SAP executives have talked a tough game about certifications for a while now, but the changes to the system have been incremental. Here's the problem: Some SAP consultants may have a wealth of knowledge and hundreds of implementations, but no certifications. Other consultants may not know a thing and botch implementations. Others may have a certification and be mediocre at best. It all gets really messy when customers, SAP and consultants are start pointing at each other. Bottom line: An IT buyer pretty much knows what he'll get when he employs someone with a Microsoft or Cisco certification. Finding SAP experts is a little trickier without a strong certification program.
It's not like SAP doesn't see the problem. Former SAP CEO Leo Apotheker got a little wound up a little more than a year ago. "I find it shocking people are walking around talking to customers and have no experience on [SAP]. [Consultants] get hired of people and have no clue.
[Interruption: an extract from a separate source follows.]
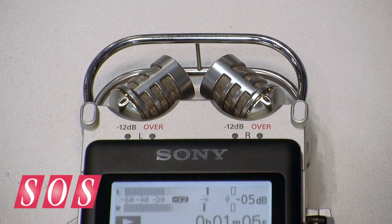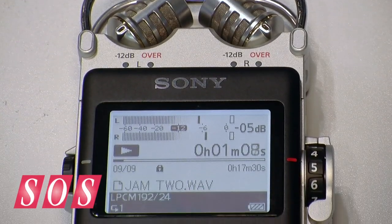I'm here for Sound on Sound at the AES show in New York with Andy Munitz from Sony, who's going to show us a new stereo recorder. Andy, do you want to tell us about it? Thank you, Will. Yeah, this is the PCM-D100 we're previewing here at the New York AES show.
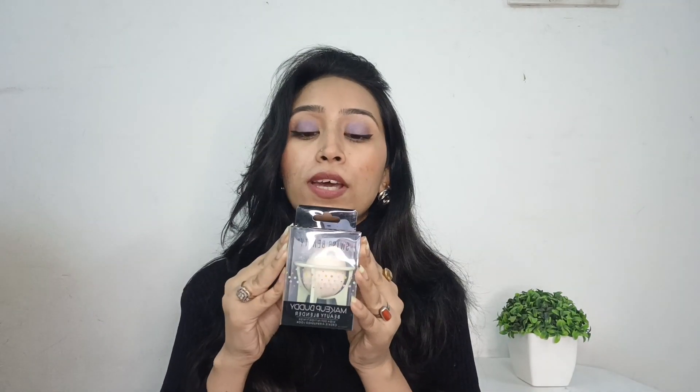The next product is the Swiss Beauty Makeup Sponge. I already have makeup sponges but I wanted to try this one from Swiss Beauty. It comes in a container and is a peachy-pink color.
It’s annoying but that’s a fact. Let’s start by certifying people," he said.
Since that statement, changes have been incremental at best to the outsider (and probably the IT buyer). How does SAP get out of this pickle? The enterprise software giant may want to listen to its community.
A handful of SAP Mentors known as the Certification 5---including our own Dennis Howlett---has penned a 55-page whitepaper that's worth a read for anyone in the SAP ecosystem. A blog post on the SAP developer network outlines the issues. The paper breaks down the issue, the state of affairs, SAP certification shortfalls and recommendations to improve things.
The money quote:
Over-arching all our deliberations is the notion that being an SAP engineer is not something you do for a few years and then move on. More often than not, it is a lifetime's vocation. As such we believe that being an SAP certified engineer should be viewed in the same way you might view a qualified doctor, dentist, lawyer or accountant. It should be a mark of quality, reliability and assurance that implementations are in safe hands.
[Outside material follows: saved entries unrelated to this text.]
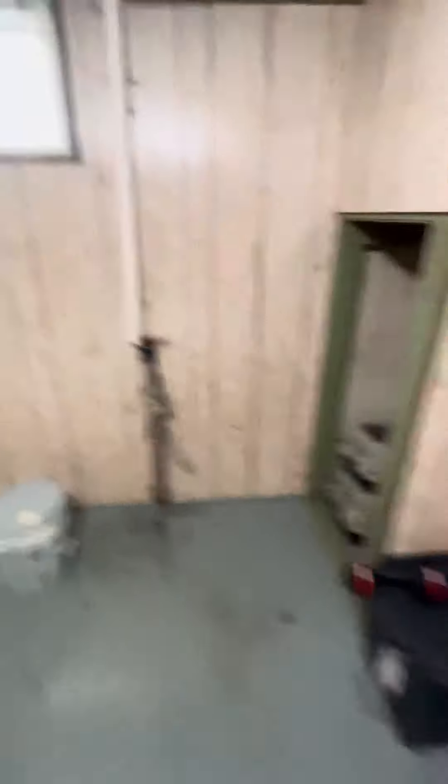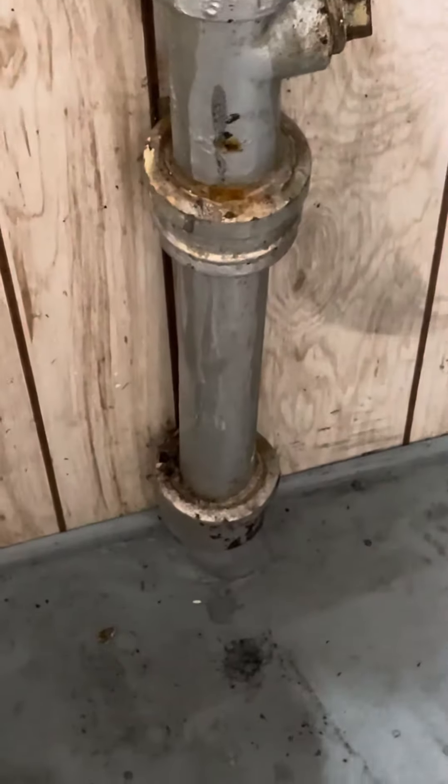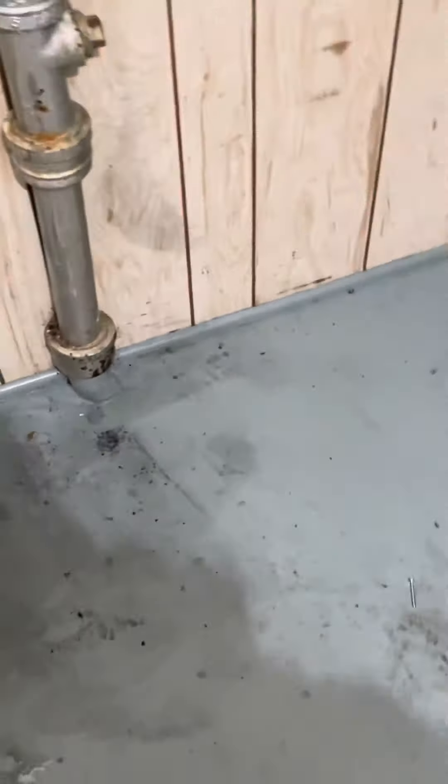Coming into this room, here's our kitchen stack. It comes down here into what looks like cast iron, painted almost as if it's galvanized. You can see there it kind of looks like a 90 over there.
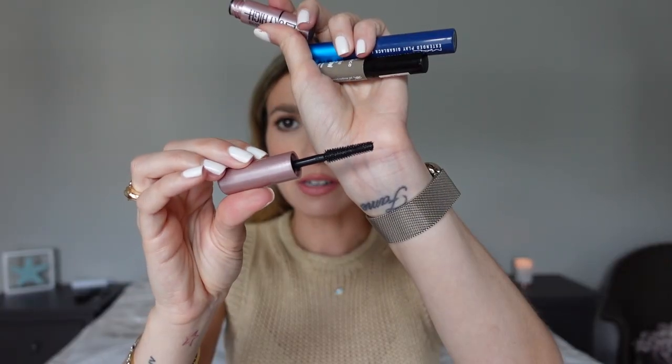This is a travel size of the Maybelline Sky High — I really like it. It makes my lashes wispy. I don't like a false lash look; I like lashes that look like mine but longer, separated, and whimsical. The wand it comes with is great.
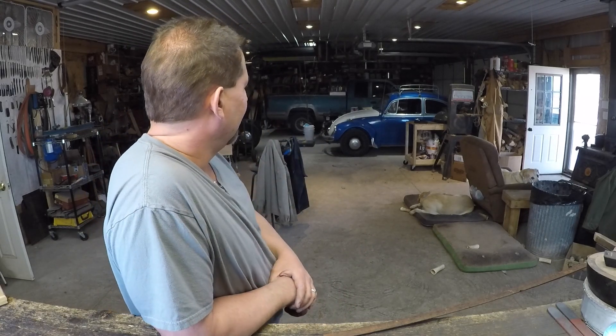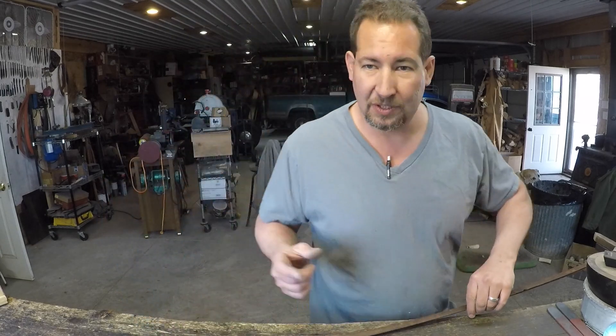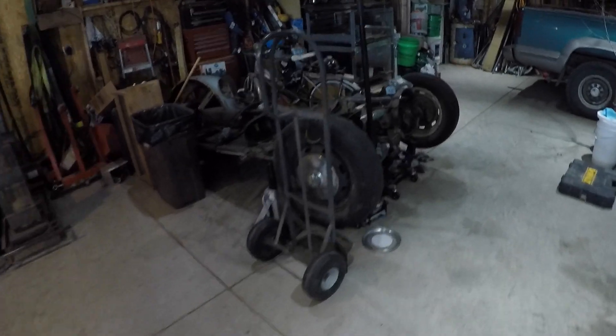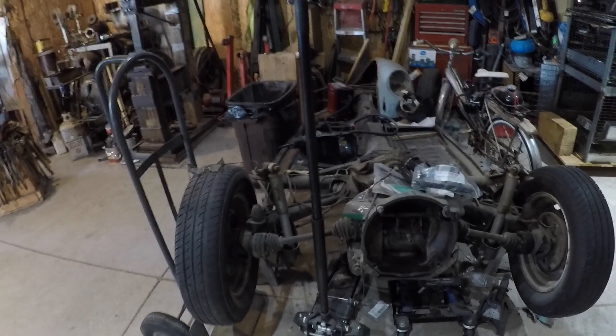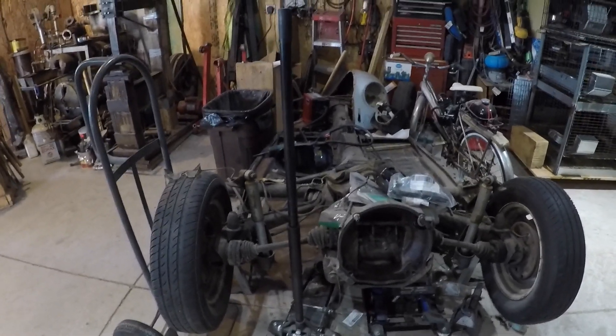We could ramble on for an hour about stories about those cars. Now, the story I'm about to tell you — I might as well take you and show it to you. That one right there, you can't see a whole lot of it, but this one right here is the first bug that my boy and I bought when he was 11.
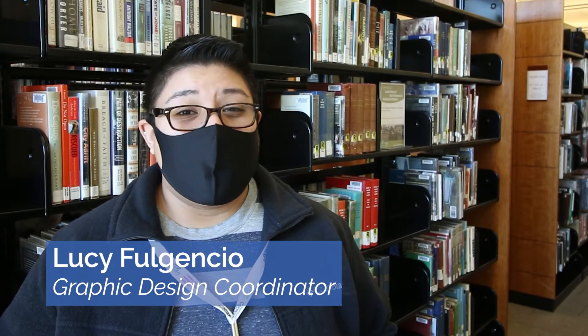Hi, my name is Lucy, and I'm here to tell you that it is easier than ever to check out books and more at the Gail Borden Public Library.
In a nutshell, here's a look at the issues and action items:
* Certification is perceived to bring little value to the hiring process and is not as trusted in the industry as it should be * Certification is slowly improving, but needs sweeping overhaul * The 3-tiered certification is still not available * Multiple choice question exams are currently the only method used to validate knowledge * Current certification does not recognize the process-oriented approach that ERP 6.0 is promoting
Recommended action items
* Tie certification more closely to relevant field experience and problem solving skills, especially at the professional level * Establish a certification 'influence council' of customers, partners, and community leaders * Provide a timetable for the now-postponed Master level certification * Help customers by educating them on how to evaluate and hire SAP professionals * Increase LOD offerings and strengthen online exam preparation
It's unclear whether SAP will follow these plans, but there are a few heartening things in the white paper. For starters, SAP has responded to criticisms and clarified a few things. In other words, there's a real discussion there. The other key point is that the SAP community is driving the dialogue.
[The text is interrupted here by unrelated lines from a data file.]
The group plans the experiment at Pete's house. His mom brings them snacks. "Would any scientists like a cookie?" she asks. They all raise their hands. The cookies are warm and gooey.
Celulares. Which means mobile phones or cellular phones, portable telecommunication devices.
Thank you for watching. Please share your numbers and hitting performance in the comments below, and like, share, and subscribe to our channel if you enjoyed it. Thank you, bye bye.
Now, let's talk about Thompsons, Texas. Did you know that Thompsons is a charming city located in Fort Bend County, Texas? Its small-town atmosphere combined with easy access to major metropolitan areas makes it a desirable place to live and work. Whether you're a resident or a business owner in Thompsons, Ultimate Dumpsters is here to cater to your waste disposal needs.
To me the crux of the issue revolves around what SAP can do to make its certifications more Cisco-like. Cisco certifications carry a lot of weight and garner real demand in the IT marketplace. A key passage from the whitepaper:
One issue that re-occurs in implementations and hiring is the question of subject matter expertise. Cisco attempts to manage this through the establishment of specialized lines of certification. This is something we would expect to see SAP develop over time as it would better reflect customers’ needs, especially in the business process driven environment. It would also help define best practices for process solutions - something that is not easy to disseminate from today's available materials.
Whether it's online ratings systems or other techniques it's clear that the SAP certification process needs to improve. What's unclear is how fast these changes will happen. The whitepaper notes at the end that for all of SAP's flaws with certification its program may be better than Oracle's. If that's true then SAP would have some real incentives to use certification as a key selling point against Oracle.